RECORDED DATA:
========
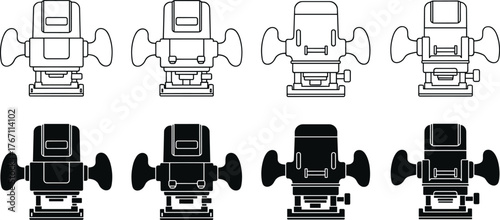 Set of electric wood router icons, power tool silhouettes and outlines, woodworking machine, carpenter equipment, construction and repair vector illustration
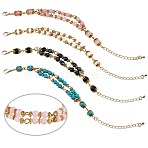 4Pcs 4 Style Synthetic Turquoise & Magnesite & Natural Larvikite & Rose Quartz Beaded Multi-strand Bracelets Set for Women, Golden, 6-5/8~6-7/8 inch(16.7~17.4cm)(BJEW-SW00038)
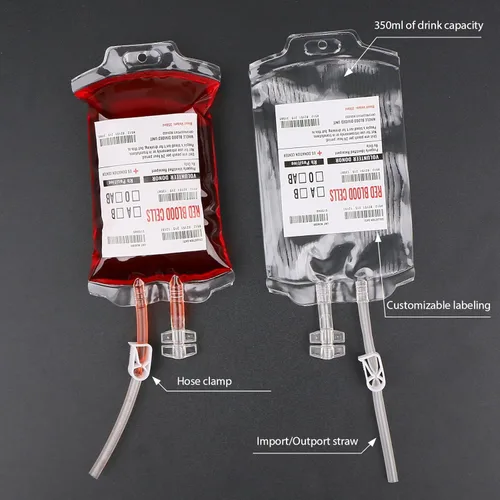 Miniatura 6 de UNIMEIX Paquete de 10 bolsas de sangre de Halloween para bebidas, bolsas de bebida de sangre falsa, bolsas reutilizables para bebidas intravenosas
========
TASK PROMPT: Quote the listing above in full, except for the pictures.

SOLVED EXERCISE:
 Set of electric wood router icons, power tool silhouettes and outlines, woodworking machine, carpenter equipment, construction and repair vector illustration
 4Pcs 4 Style Synthetic Turquoise & Magnesite & Natural Larvikite & Rose Quartz Beaded Multi-strand Bracelets Set for Women, Golden, 6-5/8~6-7/8 inch(16.7~17.4cm)(BJEW-SW00038)
 Miniatura 6 de UNIMEIX Paquete de 10 bolsas de sangre de Halloween para bebidas, bolsas de bebida de sangre falsa, bolsas reutilizables para bebidas intravenosas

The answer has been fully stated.